- **Work required**
Print exactly, and only, the lines from the one containing "きみの「わかる」に一緒に取り組む 個別指導塾ノーバス" through the last line of the records below, both included; leave out the pictures.

<<<<

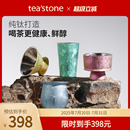 teastone纯钛茶杯主人杯水杯小茶杯功夫茶具高档便携泡茶喝钛杯子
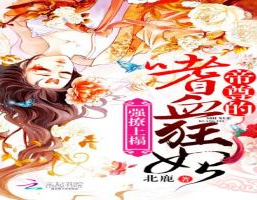 强撩上榻:帝尊的嗜血狂妃,帝尊的嗜血强撩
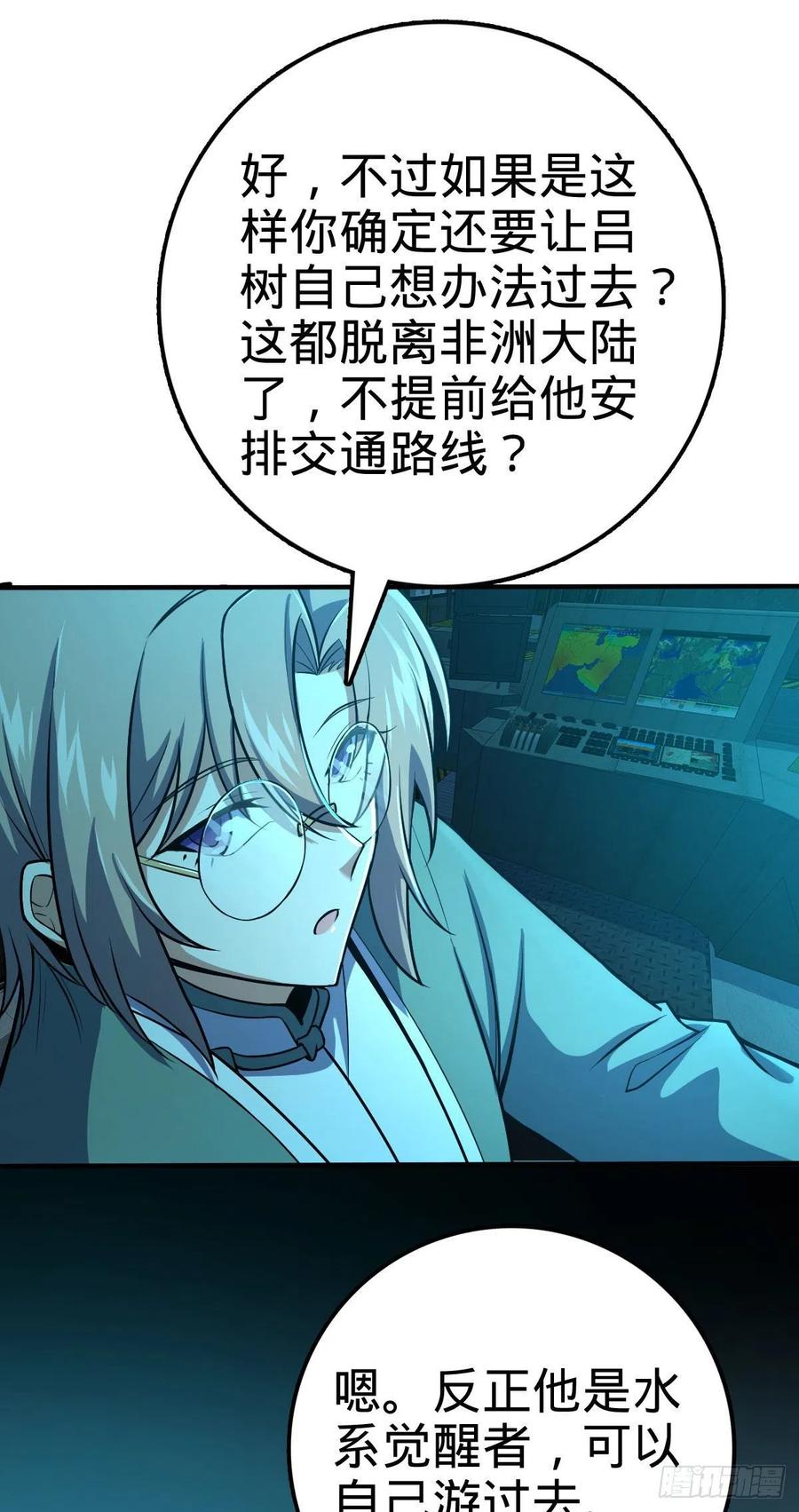 352 出发撒丁岛53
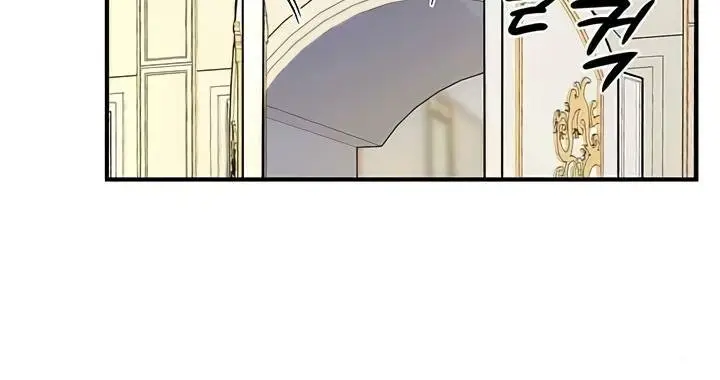 漫画《异世界重生之后宫养成记》第27话第65张图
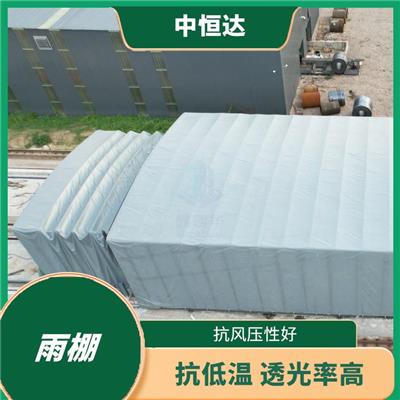 焦作轨道式伸缩雨棚 重量轻 美观大方 热反射率高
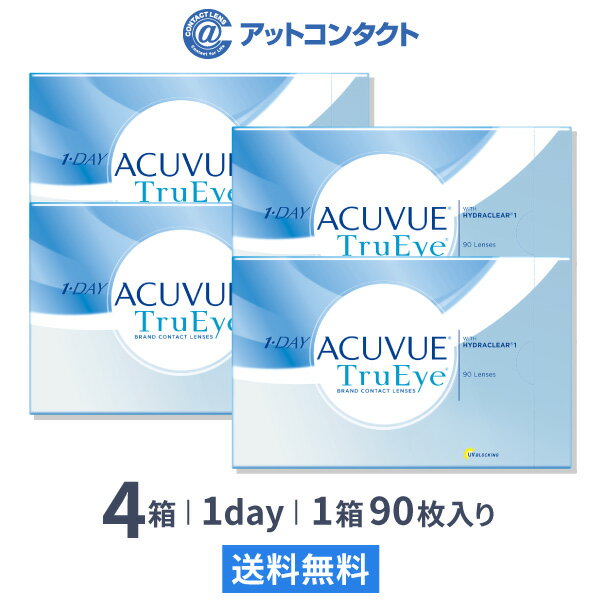 【送料無料】ワンデーアキュビュートゥルーアイ90枚パック 4箱セット（ワンデー / トゥルーアイ / アキュビュー / ジョンソン&ジョンソン / コンタクト / レンズ)の商品画像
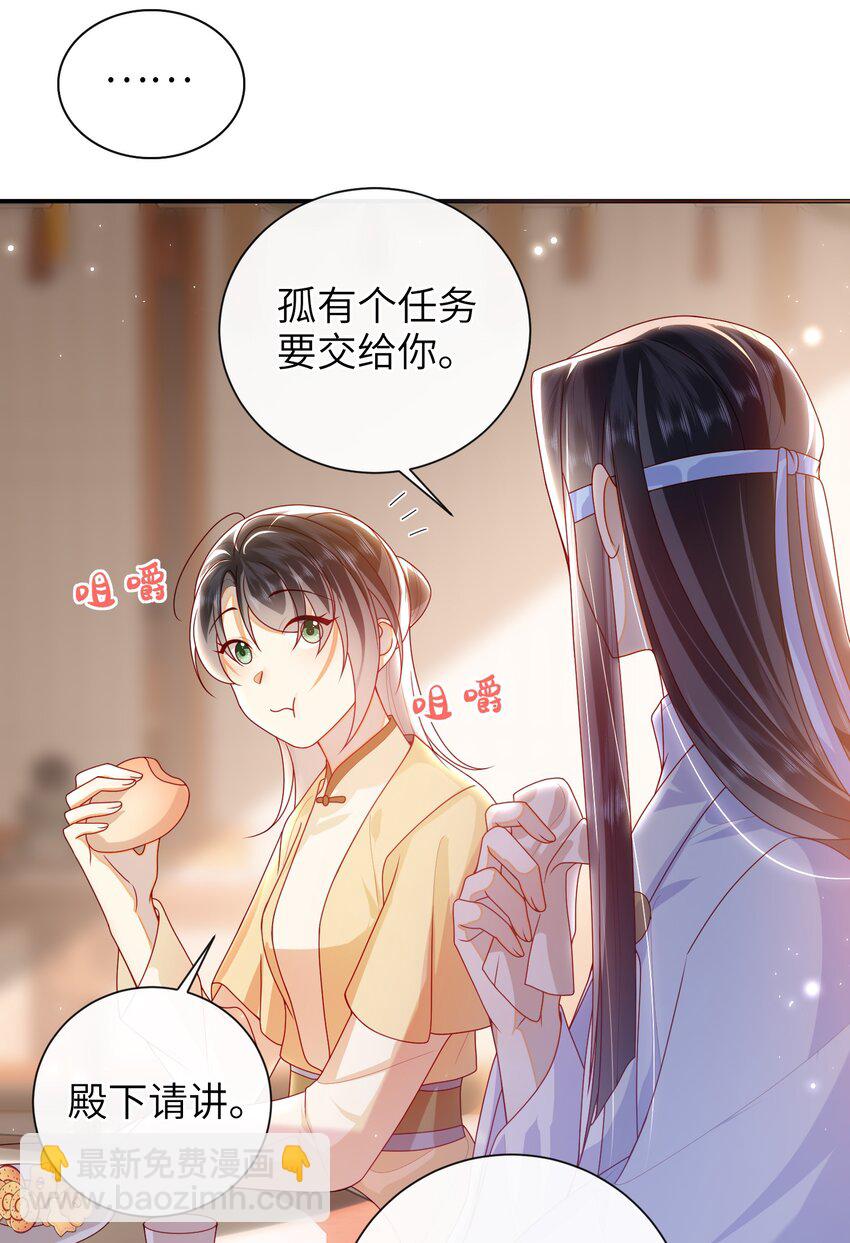 068 试探一下-第76话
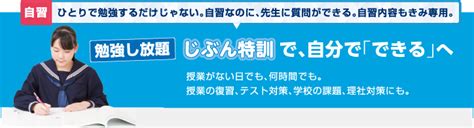 きみの「わかる」に一緒に取り組む 個別指導塾ノーバス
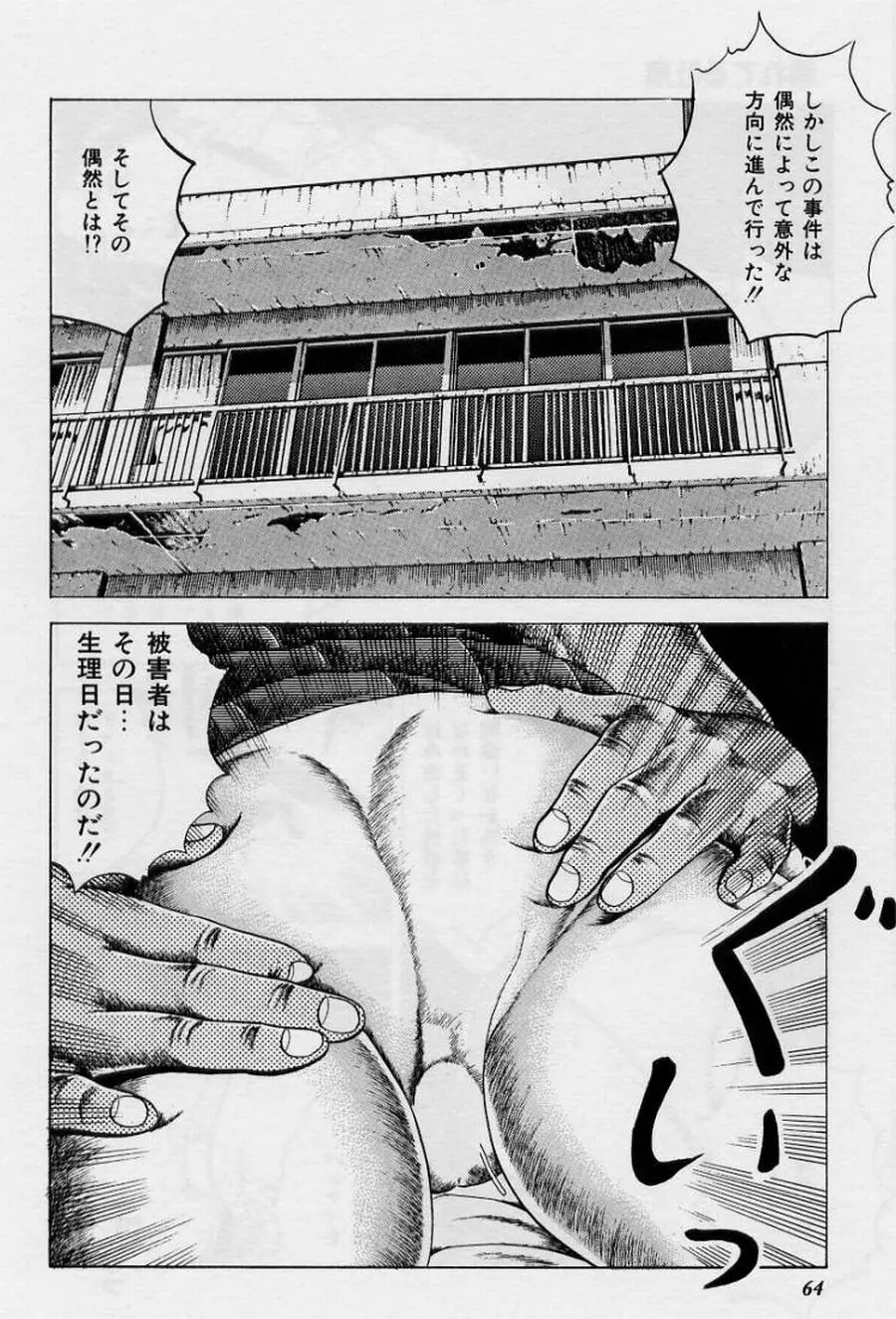 くりぃむチェリーの保健室 Page.64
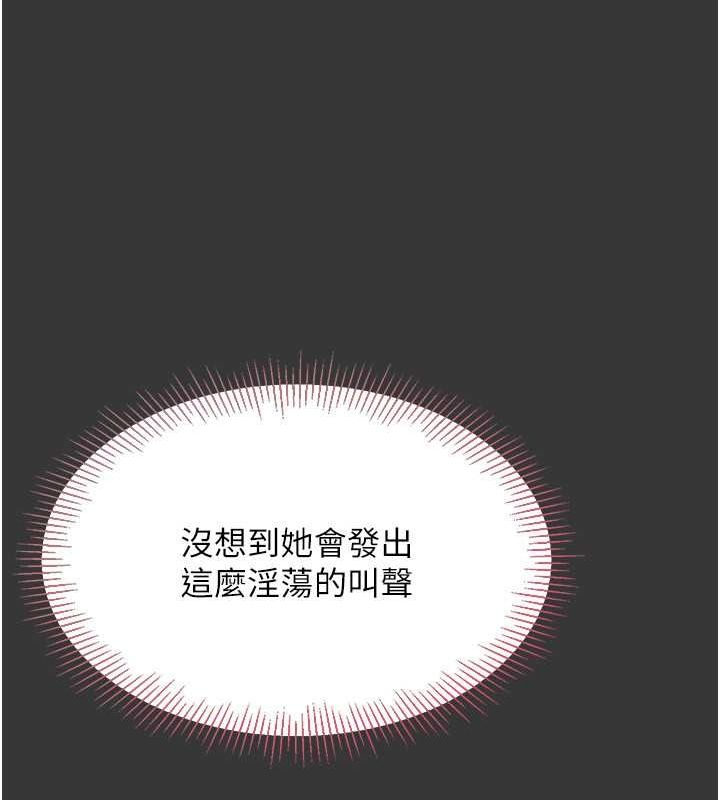 Set up!排球少女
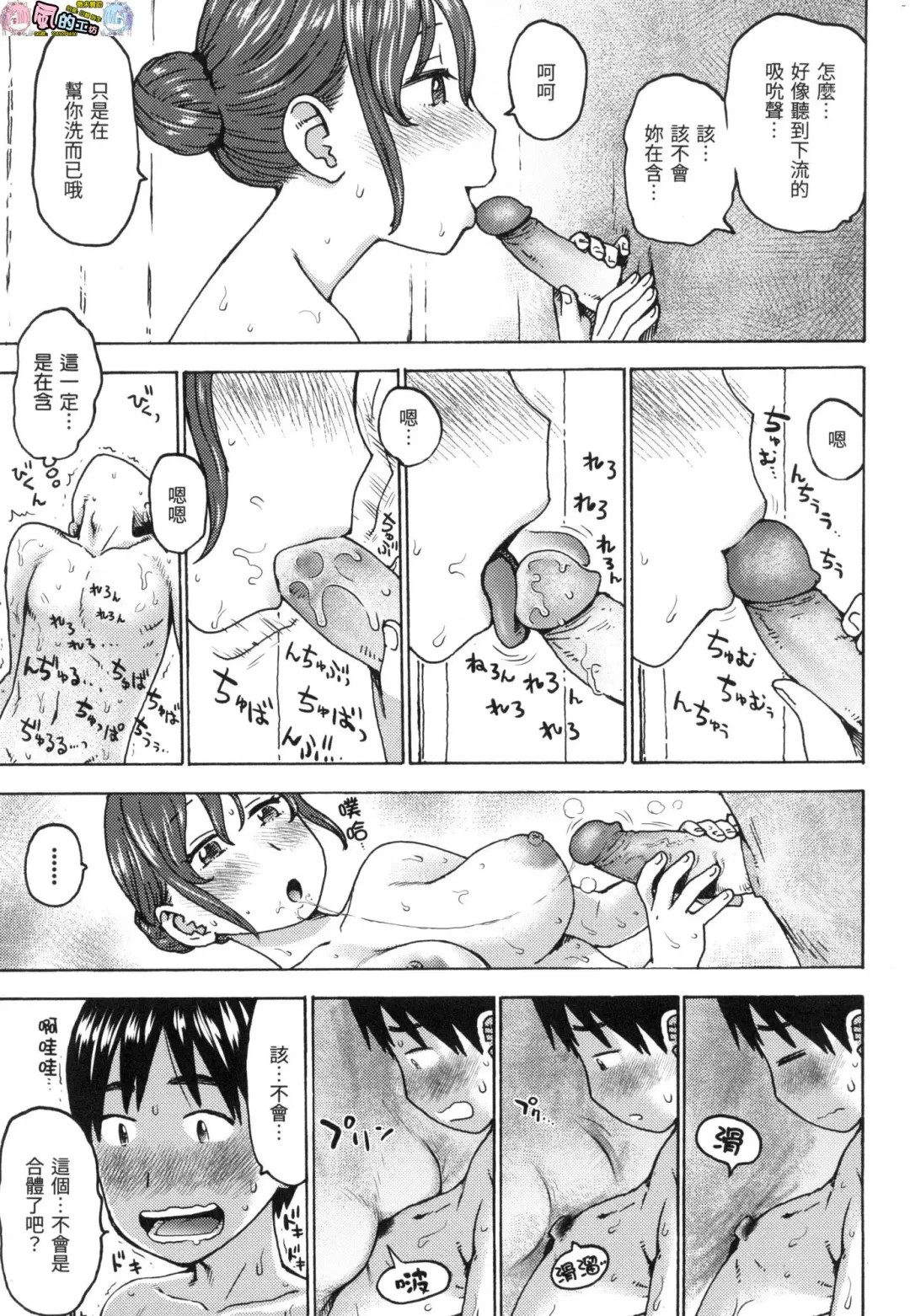 [Karma Tatsurou] Rakuukan no Sekai toka Fhentai - Page 59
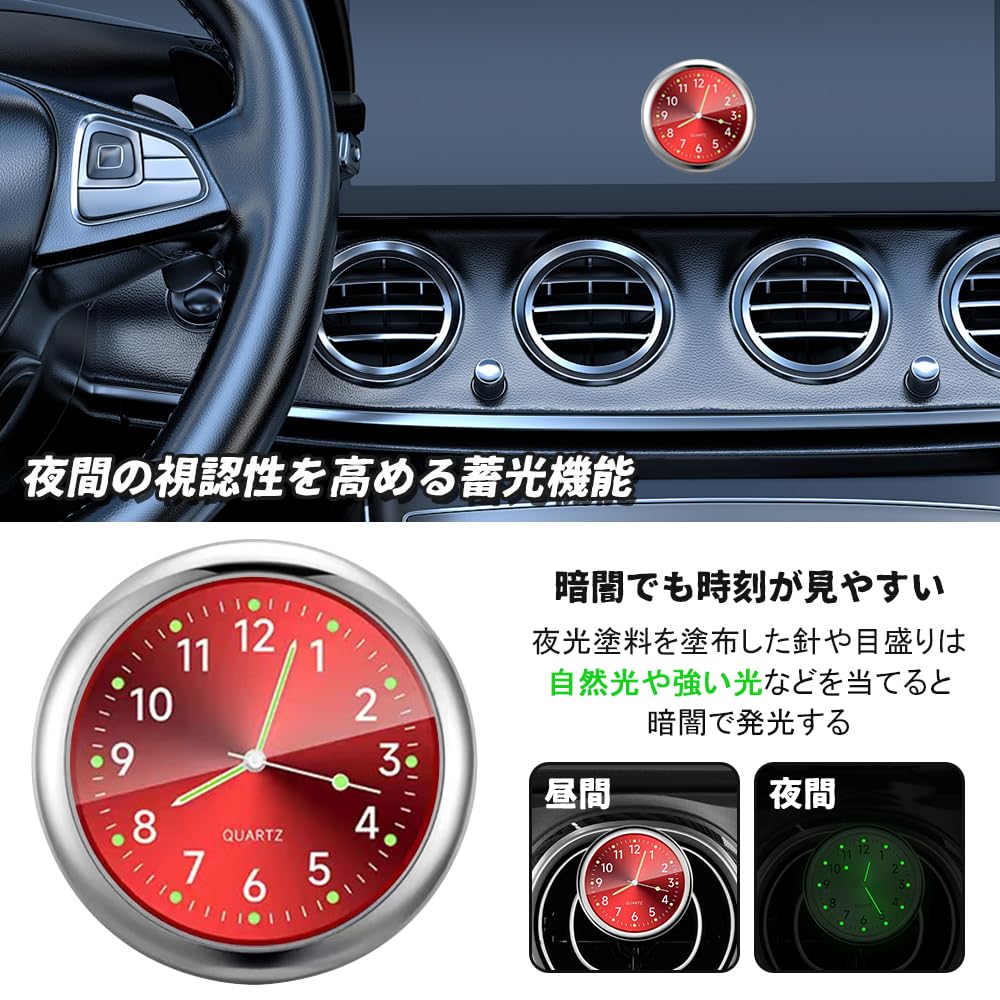 UrbanPulse Car Clock, Car Dash Car Clock, High Precision Multi-Function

>>>>

- **Solved problem**
 きみの「わかる」に一緒に取り組む 個別指導塾ノーバス
 くりぃむチェリーの保健室 Page.64
 Set up!排球少女
 [Karma Tatsurou] Rakuukan no Sekai toka Fhentai - Page 59
 UrbanPulse Car Clock, Car Dash Car Clock, High Precision Multi-Function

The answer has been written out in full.